Big data skills crisis needs vendor action: IDC
At a big data roundtable hosted by Autonomy this week, Feldman explained that the complexity of big data technology requires an advanced skillset that is quite rare amongst IT professionals.
"There aren't a lot of people who are very skilled in these new technologies. How are enterprises supposed to hire people if they aren't there?" asked Feldman.
The most common technology used by companies to analyse hundreds of terabytes, or even petabytes, of unstructured data is an open-source tool called Hadoop.
Hadoop uses a process called parallel programming, which allows analytics to be run on hundreds of servers, with lots of disk drives, all at the same time. It stores this data in a file system called HDFS (Hadoop distributed file system), in effect a flat file system that can spread data across multiple disk drives and servers.
However, it is widely agreed in the industry that Hadoop is an extremely complex system to master and requires intensive developer skills.There is also a lack of an effective ecosystem and standards around the open-source offering.
"There are very few Hadoop experts around, and there are only very poor tools available for using it. You don't only need experts that know how to master an Hadoop file system, but experts that know how to master an Hadoop file system using bad tools," said Feldman.

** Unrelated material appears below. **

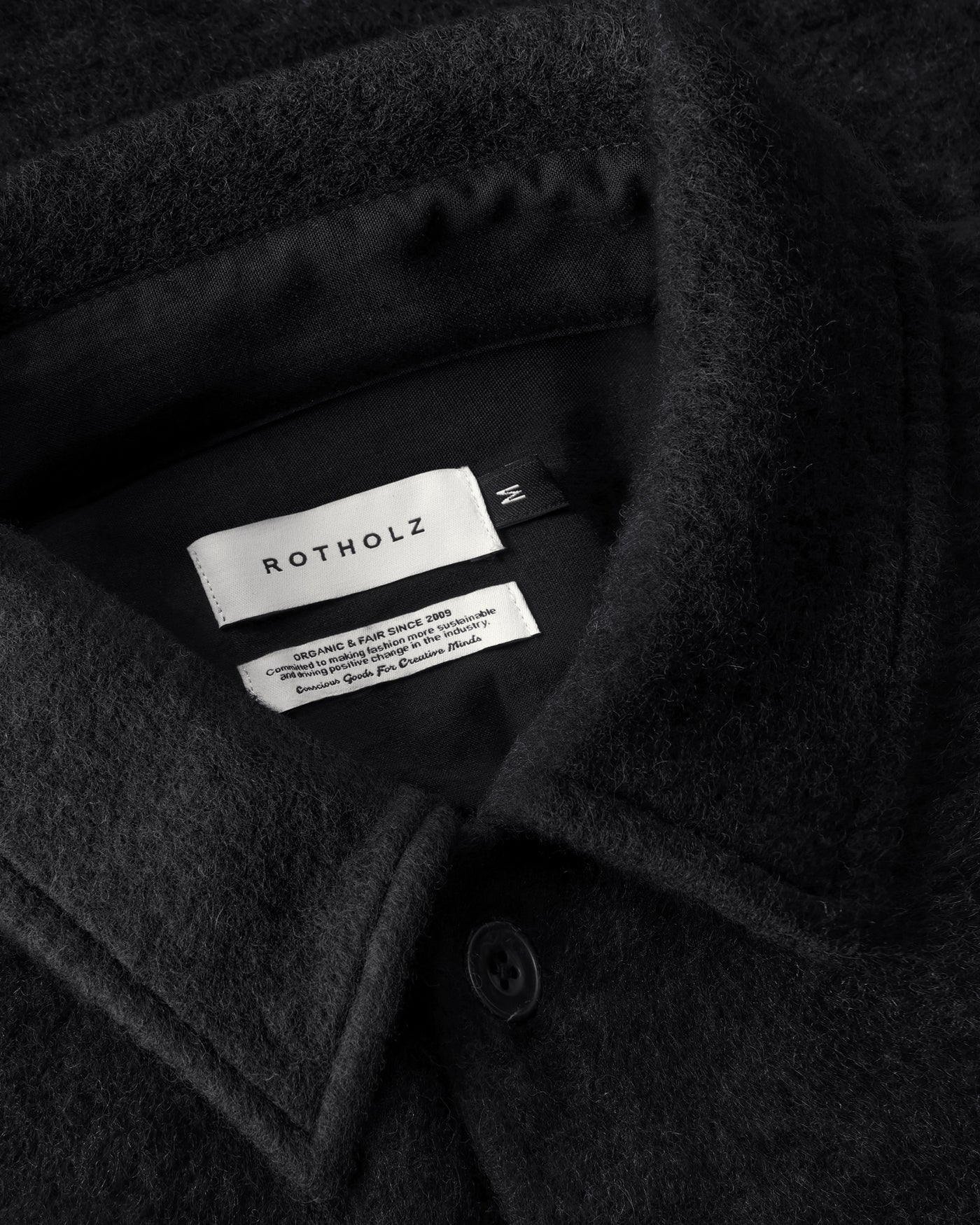 Entspannte Overshirt aus Bio-Wollmischung in Tiefschwarz | ROTHOLZ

Feldman urged the likes of Autonomy, EMC, Teradata and IBM to improve the tools on offer to reduce the impact of the skills crisis.
"If vendors could supply the expertise, if they could keep the software updated, then this would lessen the burden on IT departments in the enterprise," she said.
"Integrating all of the big data pieces into a well formed architecture, so that everything can interact with everything else, that's very difficult. Most people doing this could probably happily hire ten extra people, but they just aren't around."
IDC predicts a compound annual growth rate of 39.4 percent in big data hardware, software and service sales between 2010 and 2015. However, this doesn't take into account open-source offerings, which accounts for a significant amount of enterprise use, but is difficult to measure.